ÁREA QUEIMADA EM INCÊNDIOS FLORESTAIS
(em hectares)

MÊS ANO
  2015 2016
Janeiro 99,95 0
Fevereiro 18,18 24,66
Março 0,21 25,25
Abril 15,92 315,04
Maio 21,08 1.059,20
Junho 60,13 1.277,13
Julho 1.723,02 5.997,51
Agosto 3.149,49 3.698,14
TOTAL 5.087,98 12.396,93
Fonte: Corpo de Bombeiros

 

“Nós tivemos 87 dias sem chuvas e isso provoca secura na vegetação muito intensa. Um lixo queimado se propaga rapidamente. Se a pessoa pretende iniciar uma queimada, precisa buscar o apoio do Corpo de Bombeiros e da Secretaria de Meio Ambiente.

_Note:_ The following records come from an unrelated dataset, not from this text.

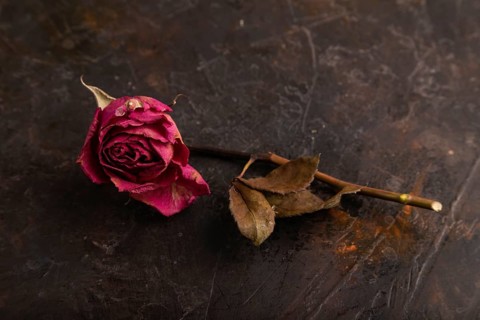 Withered dried pink Rose on black concrete background, side view, copy space, minimalism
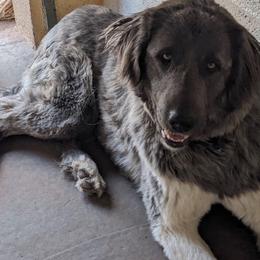 Anatolian Shepherd Dog puppies from Tatties Ranch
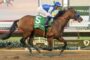 Horse racing action: bay horse with green number-5 saddle cloth, jockey in blue-and-white silks riding on dirt track toward finish line in oval course.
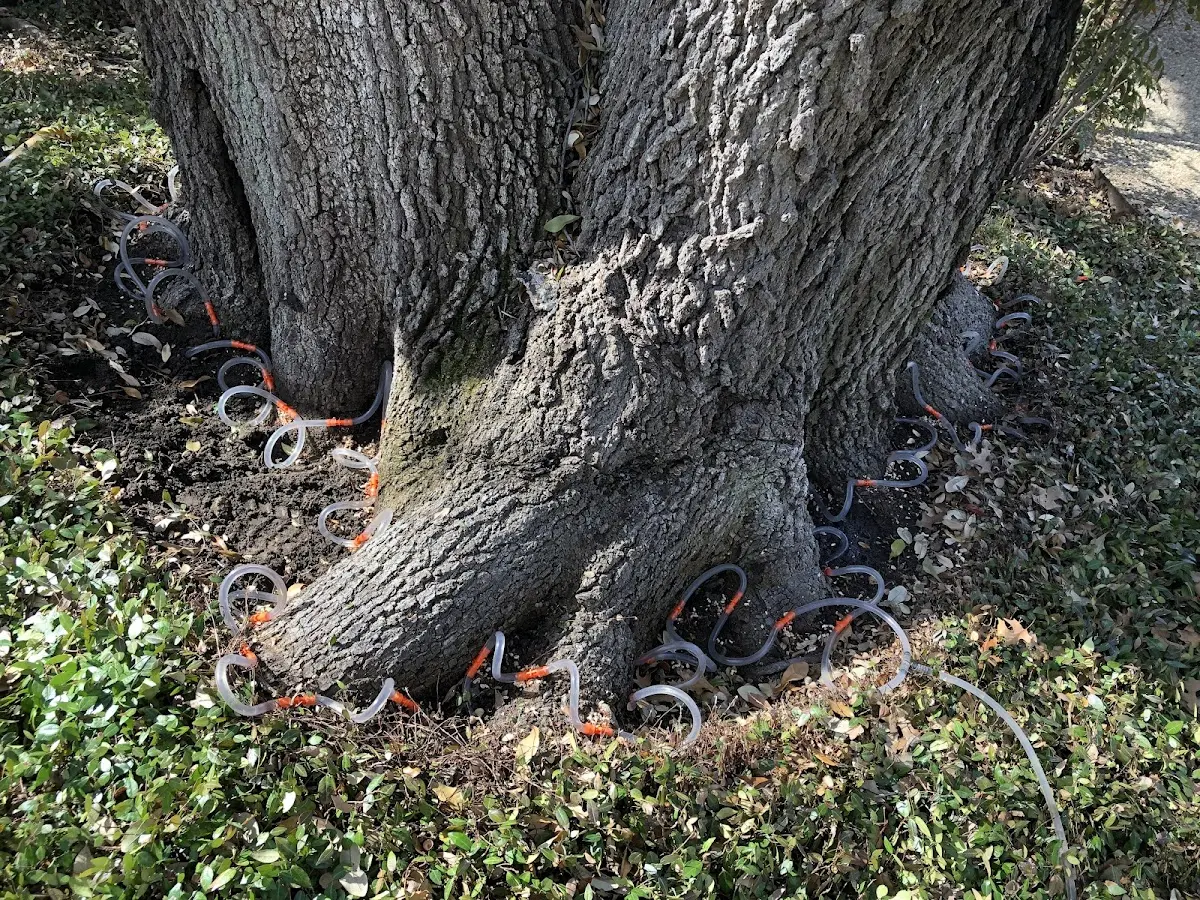 Detailed Tree Cabling and Bracing job site in Amenia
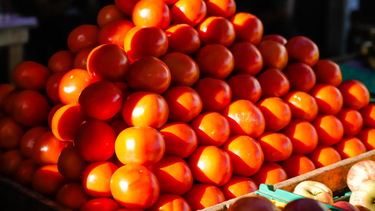 Frutas, verduras y carne: los super precios que podés encontrar en la Feria de Capital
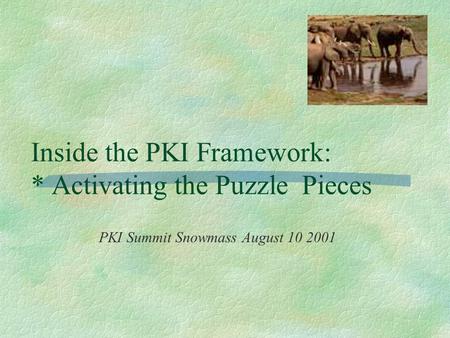 Inside the PKI Framework: * Activating the Puzzle Pieces PKI Summit Snowmass August 10 2001.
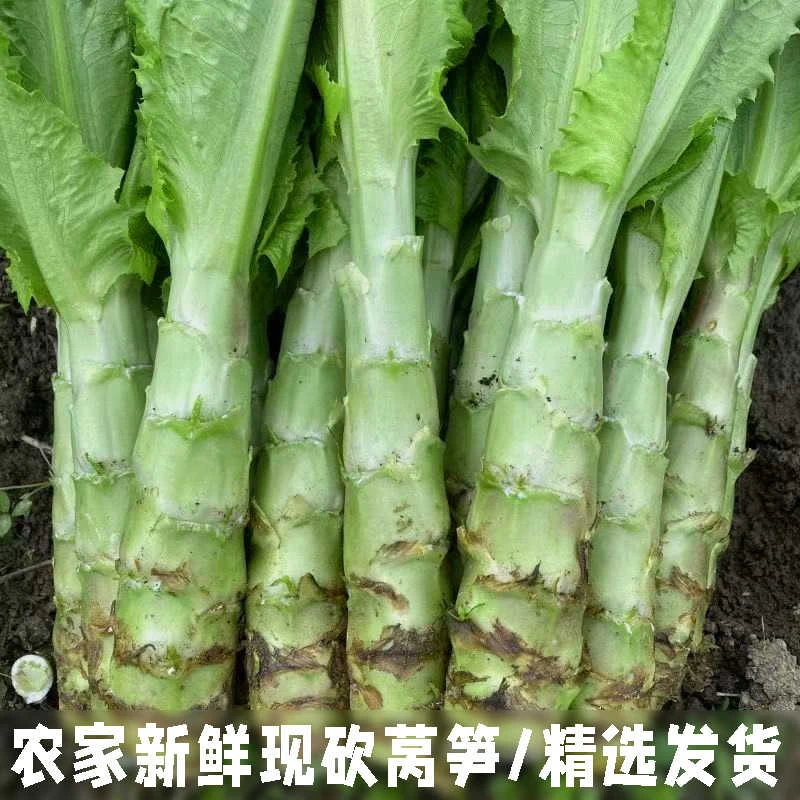 湖北农家莴笋当季蔬菜新鲜鲜莴笋白笋莴笋嫩莴苣自种现摘脆爽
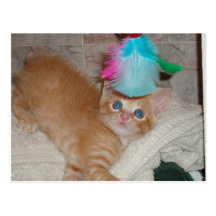 Kitten Dax & Feathers Postcard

Não adianta queimar lixo e a pessoa não sabe controlar uma eventual expansão do fogo”, disse o metereologista do Inmet Luiz Cavalcanti.

 

Calor e crise hídrica
O DF tem passado por um período prolongado e intenso de seca. A semana passada foi a mais quente do ano, com dias seguidos de umidade abaixo de 20% e recorde de temperatura em 2016 – 34,2º C, na quarta-feira. A temperatura foi a segunda mais alta registrada para o mês de setembro desde 1961, quando as medições começaram a ser feitas.

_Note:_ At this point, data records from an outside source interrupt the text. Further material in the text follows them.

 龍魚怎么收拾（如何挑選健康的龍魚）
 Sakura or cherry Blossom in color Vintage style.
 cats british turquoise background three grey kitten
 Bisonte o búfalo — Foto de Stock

O calor acentuado tem provocado efeito também no abastecimento de água. A Caesb tem feito racionamento em algumas regiões cujo abastecimento é feito a partir da captação de água de pequenos rios e córregos, e não dos reservatórios que atendem a maior parte da capital.

 

Veja recomendações da Defesa Civil para enfrentar o período de seca
– Evitar aglomerações em ambientes;

– Aumentar a ingestão diária de líquidos, independentemente de apresentar sede ou não. Beber pelo menos seis copos d’água de tamanho médio;

– Evitar banhos prolongados com água quente, bem como o uso excessivo de sabonete para não eliminar totalmente a oleosidade natural da pele;

– Pingar duas gotas de soro fisiológico em cada narina, pelo menos seis vezes ao dia. Esse procedimento evita o ressecamento nasal e a ocorrência de sangramento;

– Evitar ligar aparelhos de ar-condicionado, que retiram ainda mais a umidade do ambiente;

– Colocar toalhas molhadas e bacias com água nos quartos durante todo o dia. Isso ajuda a manter o ar ambiente mais úmido;

– Trajar roupas adequadas às condições do tempo. No calor, usar roupas leves e se possível de algodão;

– Fazer refeições leves, incluindo frutas e verduras sempre que possível;

– Evitar exercícios físicos no período compreendido entre 10h e 17h. Nesse período, a insolação e evaporação atingem seus índices máximos;

– Usar cremes hidratantes ou óleo vegetal em abundância para evitar o ressecamento da pele;

– Optar pelo uso de sombrinha ou guarda-chuva no período mais quente.